James Patterson has published more than 100 books (selling almost 300 million copies) and long ago passed $1 Billion in book sales. A recent news item reported that since 2006, Patterson wrote 1 out of every 17 hardcover fiction books sold. He has created several memorable characters: Alex Cross, Michael Bennett, and the Women’s Murder Club.
He has won several awards for his fiction, including the Edgar Award, the BCA Mystery Guild’s Thriller of the Year, the International Thriller of the Year, and a Children’s Choice Book Award. And perhaps most importantly, he’s recognizable enough to have appeared on an episode of the Simpsons.
But what interests us most are the lessons his approach to writing can teach us about creating and running a successful small business. (As Todd Sattersten has written: every book is a startup).
Lesson #1: Stick with it.
It’s hard to believe now, but Mr. Patterson’s first book was rejected more than 31 times before finding a publisher. And over the next 15 years, he published only 5 novels. But everything changed when he wrote his first Alex Cross novel.
Small business take away: Success takes time. And you’ll have to power through a lot of rejection to make it happen. Seth Godin has called it “the dip“. But if your idea is good, and you’re willing to work hard, eventually you’ll break through.
Lesson #2: Start with a plan.
The first stage of every Patterson novel is a detailed outline. When Mr. Patterson has an idea for a book, he sits down and writes a 60-70 page summary of the book. The outlines are very specific about what each chapter and scene is supposed to accomplish.
Small business take away: Success rarely happens by accident. You need a good idea of what you’re trying to accomplish and how you’ll do it. This doesn’t mean you need a formal business plan. But you do need to know what you’re going to build, what you can charge for your product, who you’ll be selling to, etc.
Lesson #3: Work with others to accomplish more.
Unlike most writers, Mr. Patterson doesn’t mind sharing the credit. He collaborates with several other writers on story and character ideas. At any given time he’s working on 30-40 different projects. Each of his partners delivers his work every two weeks for Mr. Patterson to review, edit, and rewrite. Then the result goes back to the partner for more work. While he still writes one or two books on his own each year, he is able to accomplish much more by partnering with others.
Small business take away: You can only accomplish so much on your own. Starting a business is definitely easier with a partner. Working with someone to accomplish the things you can’t do—whether it’s marketing, sales, programming, accounting—helps you accomplish far more in less time.
Lesson #4: Focus on the story. Leave out the unnecessary details.
When you pick up a Patterson novel, you’ll notice a couple of things right off the bat. Chapters are short and don’t have a lot of detailed descriptions. There are no flashbacks or other digressions. And the characters are compelling (even the bad guys). You get the bare bones to move the story forward and nothing else.
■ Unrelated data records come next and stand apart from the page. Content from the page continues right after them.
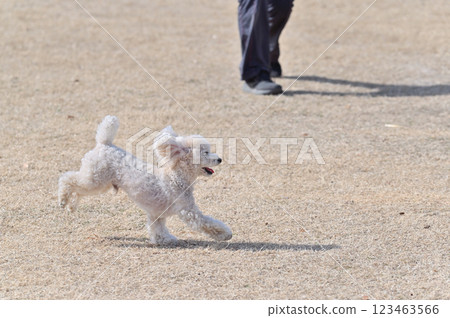 Walking with my dog, Toy Poodle Walking with my dog, Toy Poodle 123463566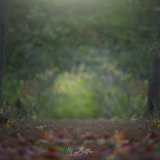 Digital Background: Glints of Fall - Meg Bitton Productions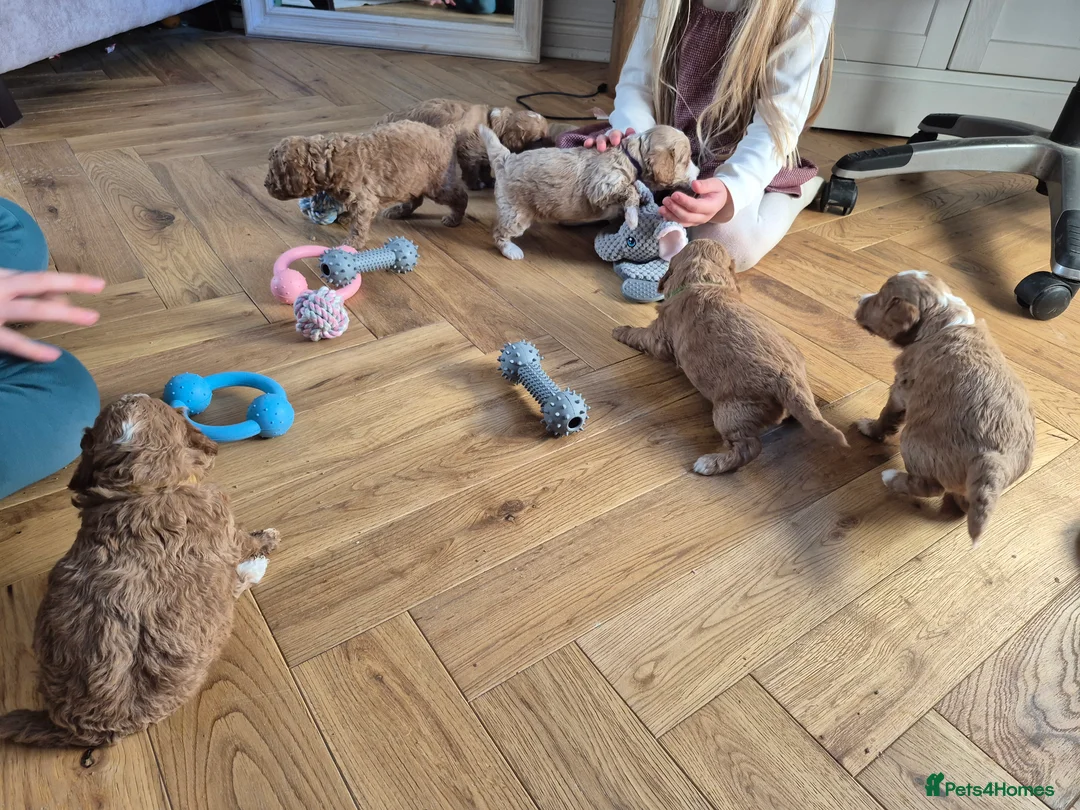 Cockapoo dogs for sale: Last boy remaining. F1B red cockapoo puppies - Advert 10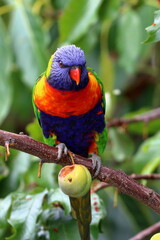 rainbow lorikeet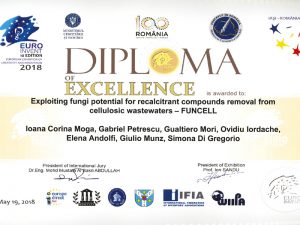 Diploma of Excellence at the EUROINVENT 2018 Salon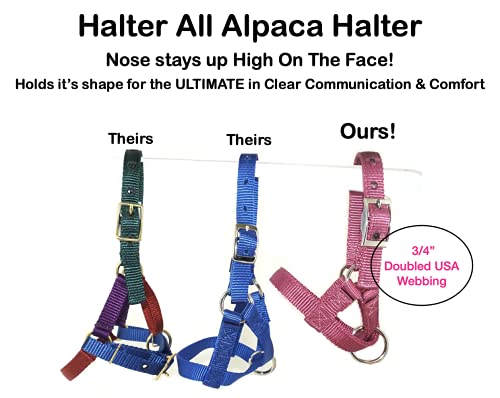 Alpaca Halter, S M L, Made in USA, Lead, Fence Tie, 24 Patterns, Figure 8, Small, Medium, Large, Livestock (Teal, Medium)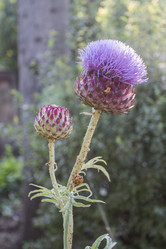 Similar image 5582169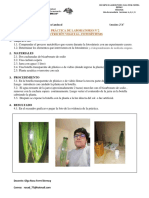 2° ABCD PRACTICA  N°2 DE CIENCIA Y TECNOLOGÍA -NUTRICIÓN VEGETAL (1)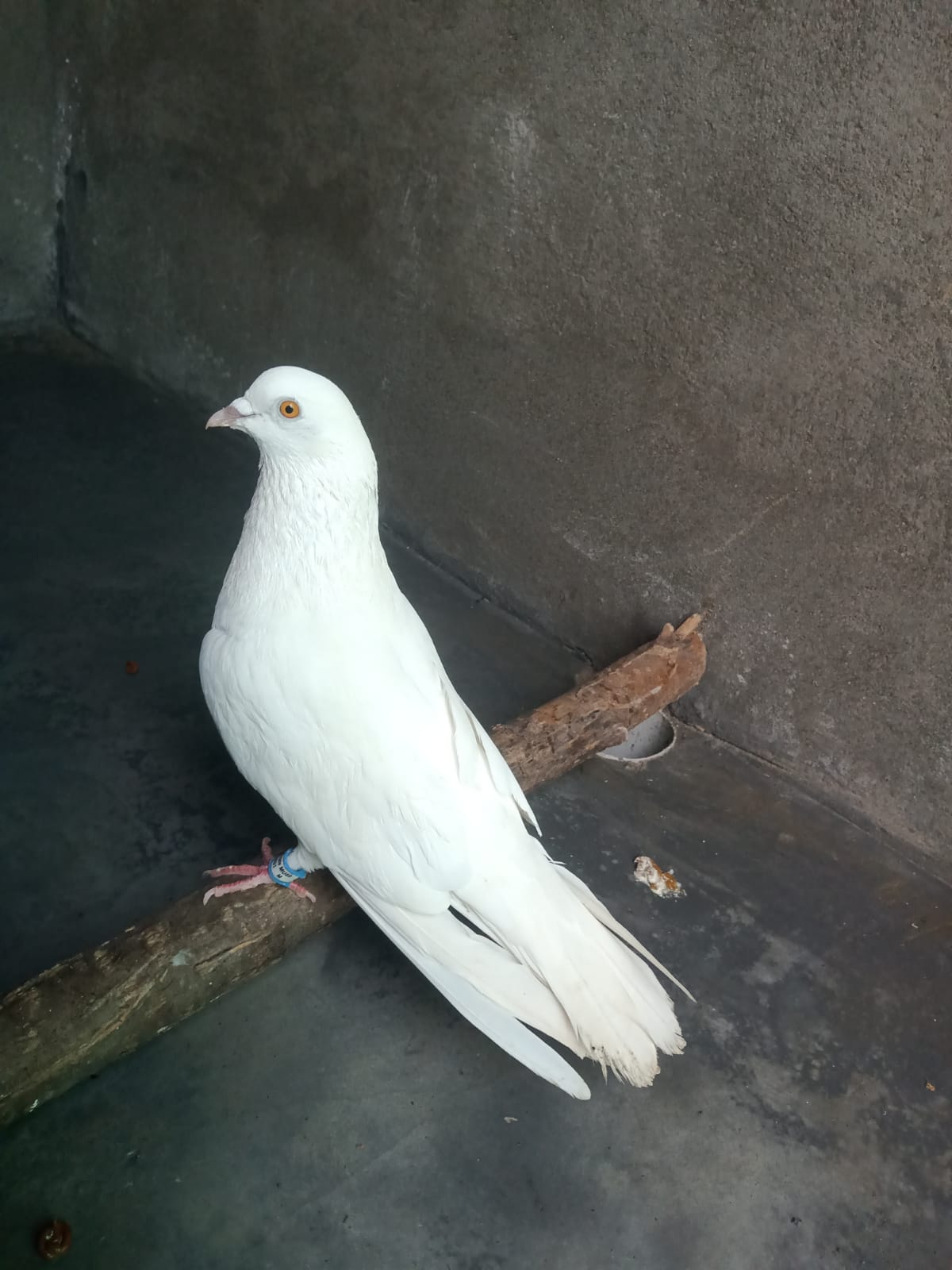 Mubarik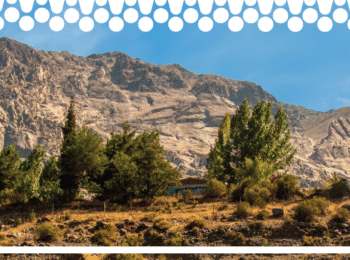 Estudio interdisciplinario revela carencias de candidatos en materia ambiental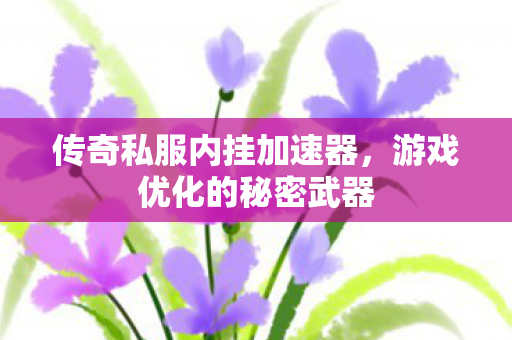 传奇私服内挂加速器,游戏优化的秘密武器 传奇私服内挂加速器,游戏优化的秘密武器
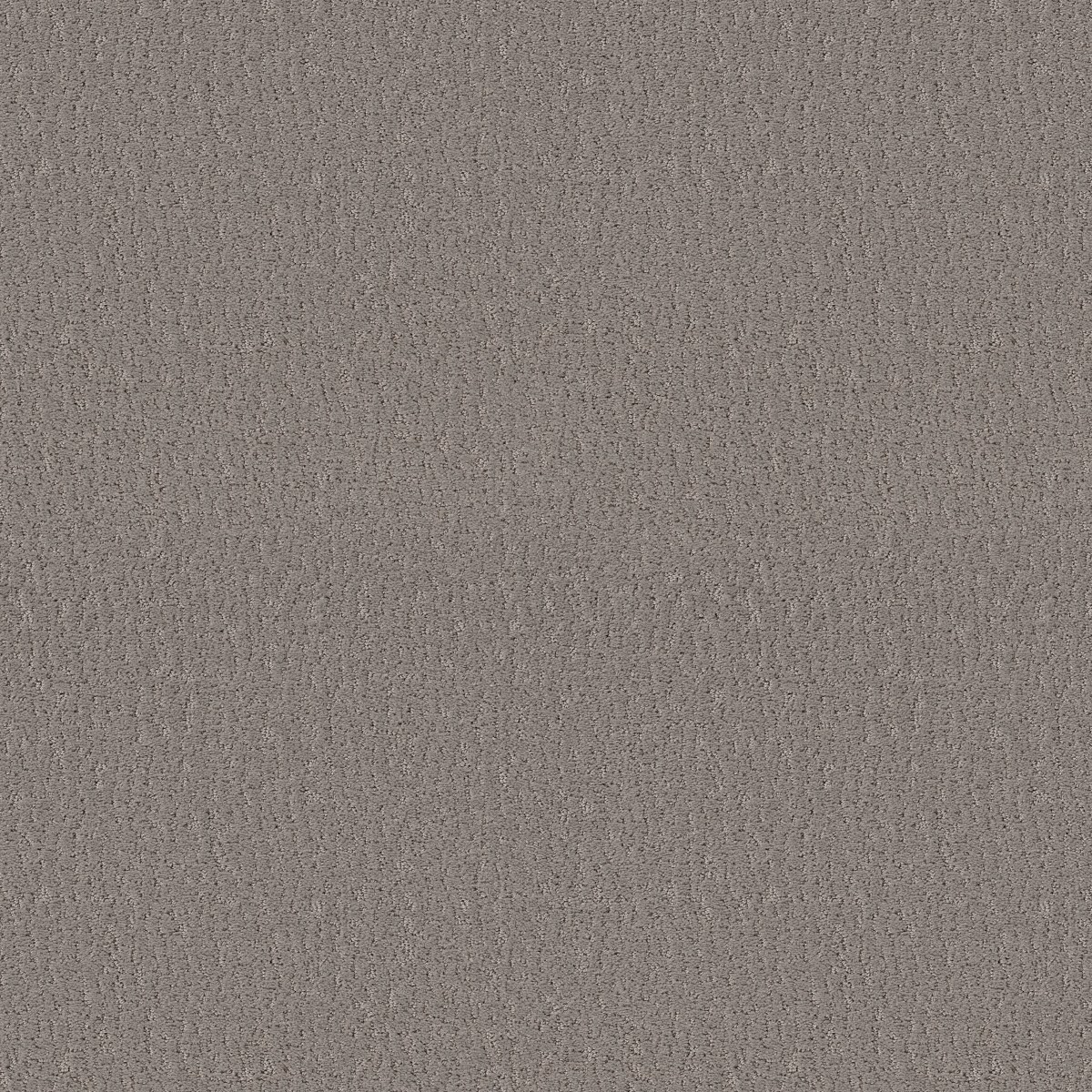 Shaw Floors STUDIO SET — FALLEN ACORN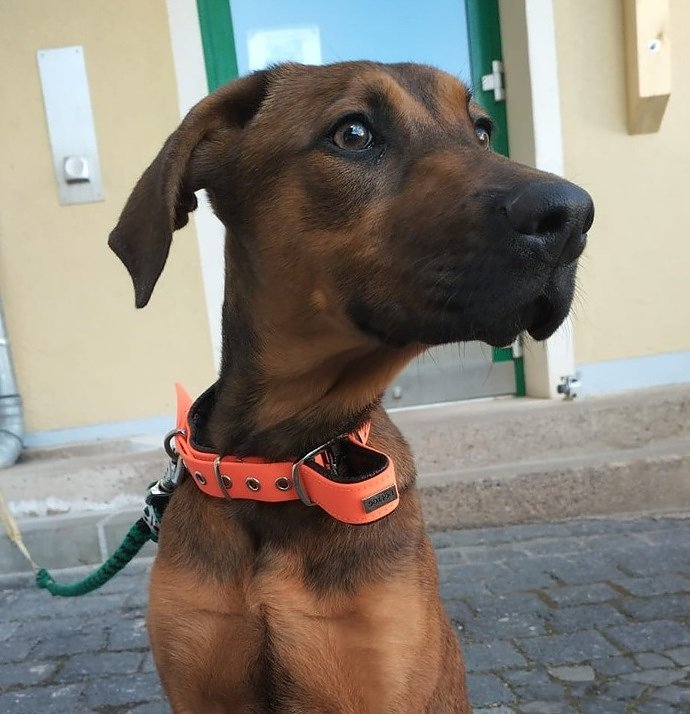 F&uuml;r die Mischlingsh&uuml;ndin wird ein neues Zuhause gesucht (Foto: LPI)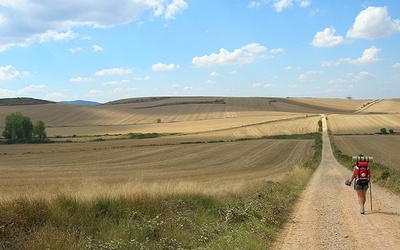 Za muszelką marsz!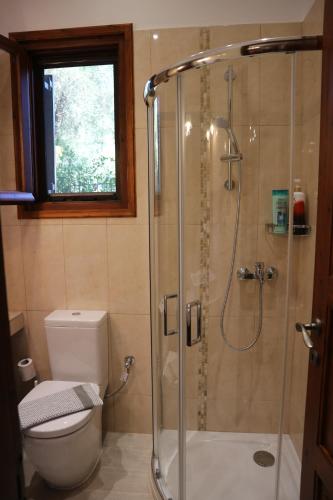 a bathroom with a shower and a toilet at Villa Magia in Ýpsos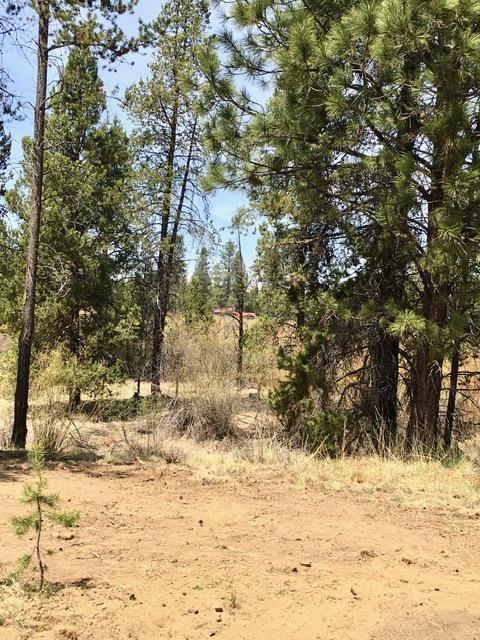 17335 Beaver Pl, Bend, OR 97707 photo 3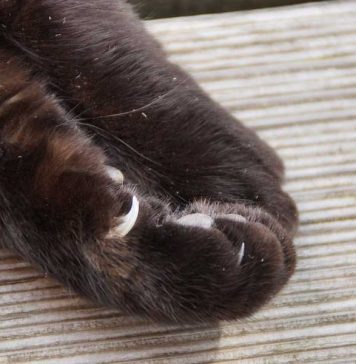 gruffiure de chat
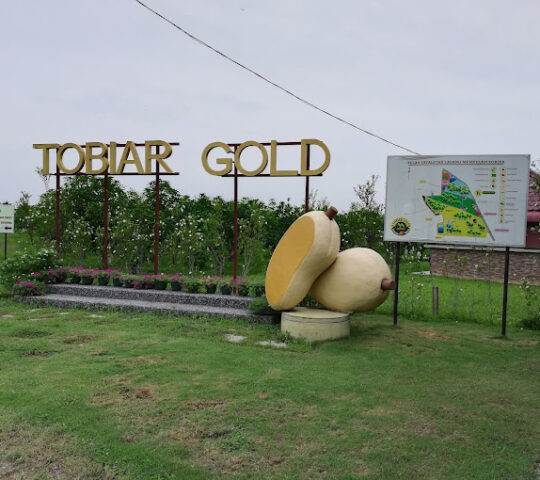 Ladang Mempelam Tobiar Gold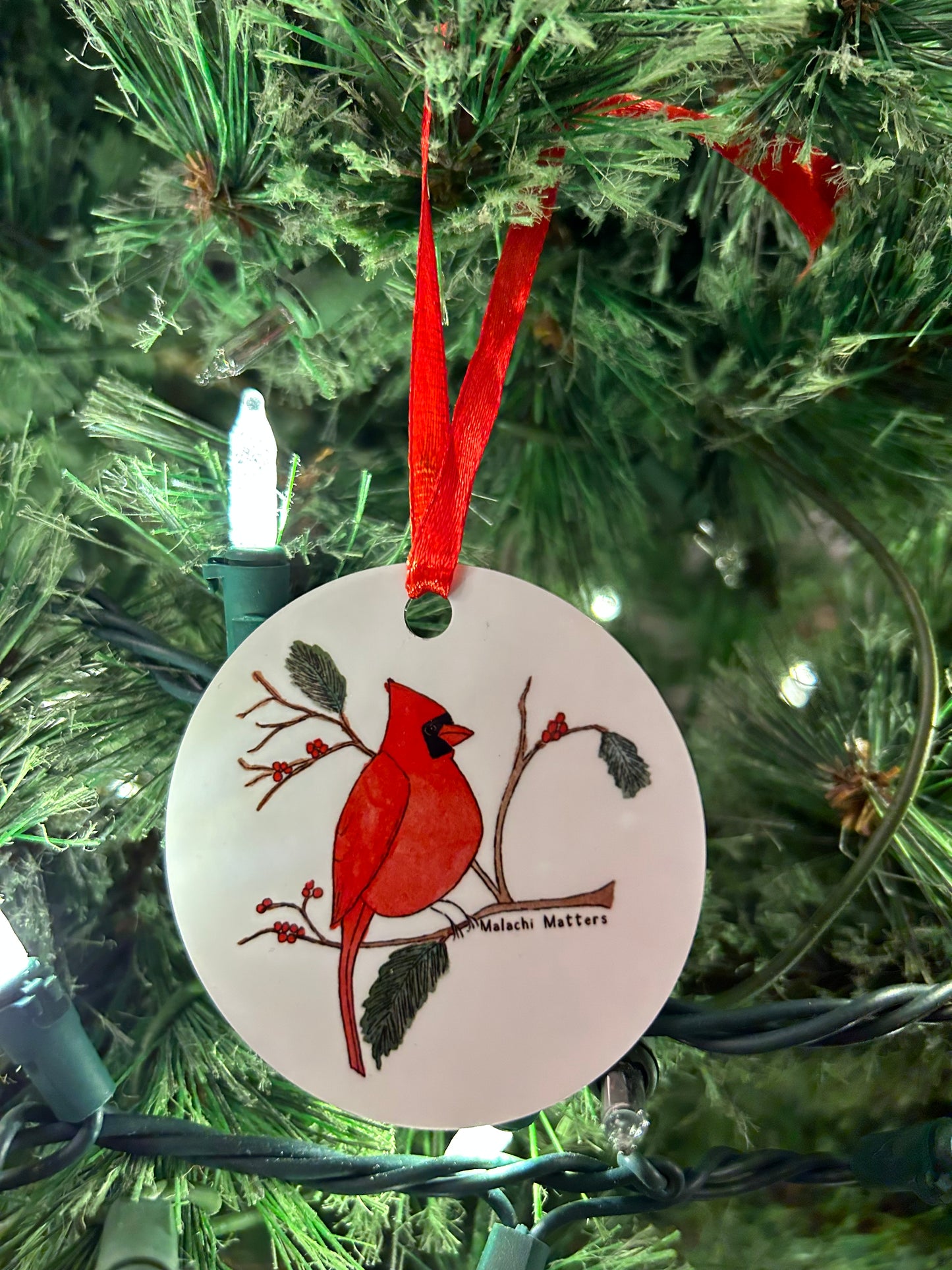Winter Cardinal by Malachi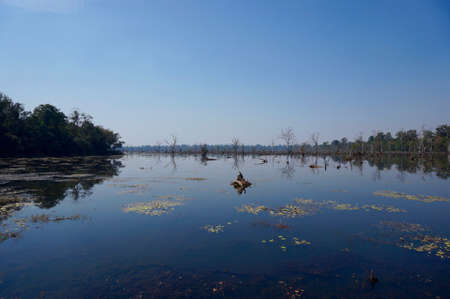 Big blueの写真素材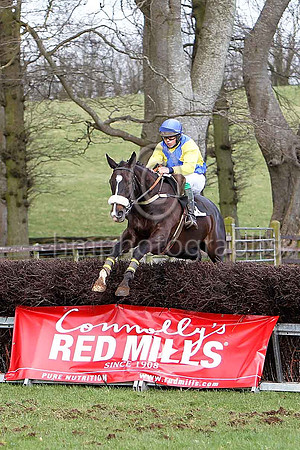 Third Race -Rosa Lord 4th Div 11 - CU2D7115-2e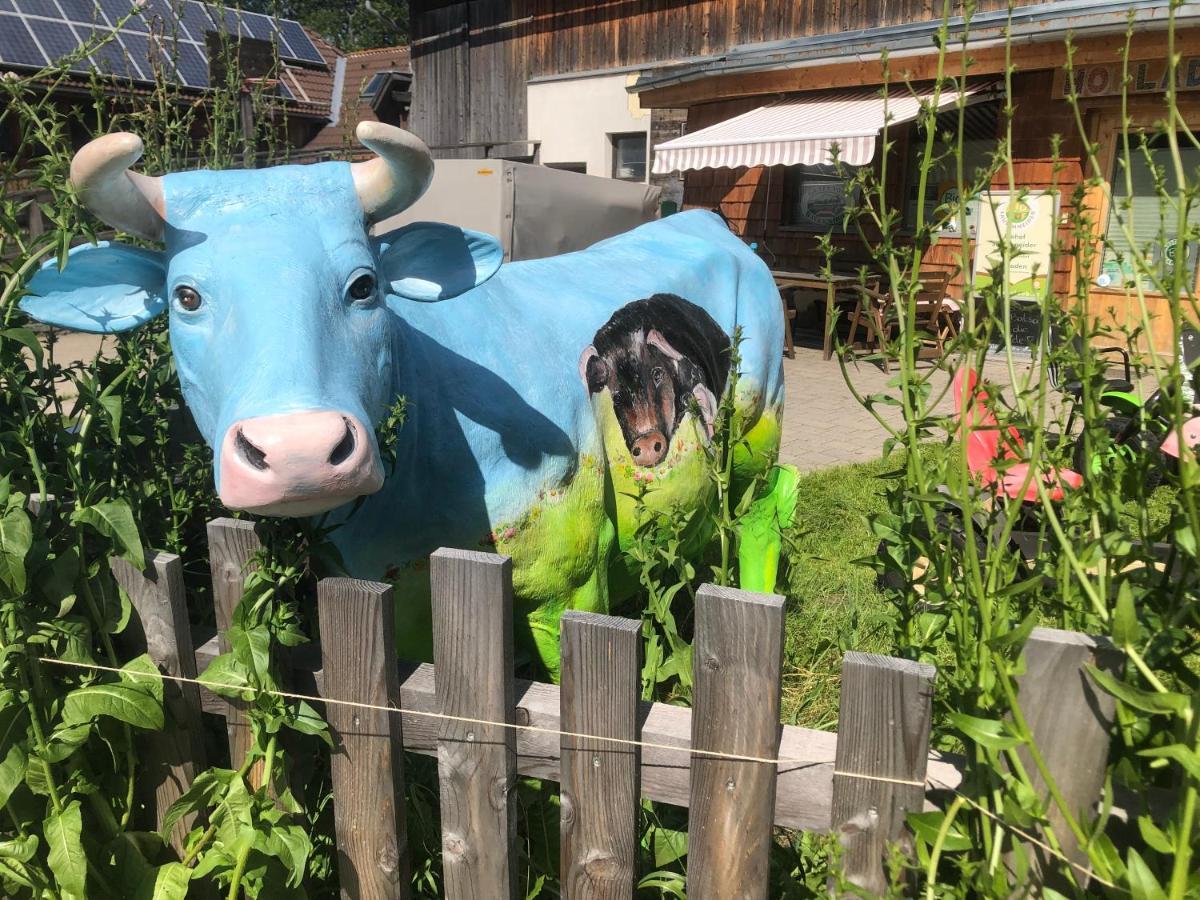 Ferienwohnung Biohof Sauschneider Sankt Margarethen im Lungau Exterior foto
Small business take away: When telling your story, stick to the important stuff, which in most cases is what your product does for your customer. How does it improve her life? Nothing else matters. Features, manufacturing details, even price aren’t nearly as important as what your product will do for your customer. Stick to the basics.
Lesson #5: Ignore the critics and haters.
Patterson isn’t without his critics. Lots of high-minded writer types criticize his books as formulaic, mechanical, sweatshop productions. Best-selling writer, Steven King, described him as a “terrible writer”. But Mr. Patterson ignores the criticism and keeps on doing what he loves. He’s said, “Thousands of people hate my stuff, but millions of people like it.”
Small business take away: Plenty of people will criticize your ideas. They’ll tell you that you’re better off working for a paycheck from an established corporation. Don’t listen to them. Follow your gut and do what you think will work. There will always be critics, but you’ll never find your fans if you listen to them.
Lesson #6: Understand your brand.
At one point, Mr. Patterson wanted to expand beyond writing thrillers—the genre he was well-known for. He told his publisher about ideas he had for a romance and stories for younger audiences. The publisher wasn’t comfortable with the idea, saying that it wasn’t his brand. Mr. Patterson responded that his brand was fast moving stories with compelling characters that made you want to turn the page. Since then, Patterson has published several best-selling romance stories as well as books for kids.
Small business take away: Understand what your customers are really buying from you. It may open up new opportunities for expansion. Union Pacific never became an airline because they thought they were in the train business, not the transportation business. Would things have been different if they had understood what they were really selling to their customers?
Lesson #7: Work hard.
Mr. Patterson publishes as many as 13 books a year. That’s a lot of writing. And to get it all done, he writes seven days a week, starting at 5 am and ending at 6 pm (with a little time for golf in between). He’s written every day for the past 15 years.
Small business take away: This one should be pretty obvious. The more ideas you have, the harder you work, the more effort you put in, the higher your chances of succeeding. Opportunity looks an awful lot like hard work.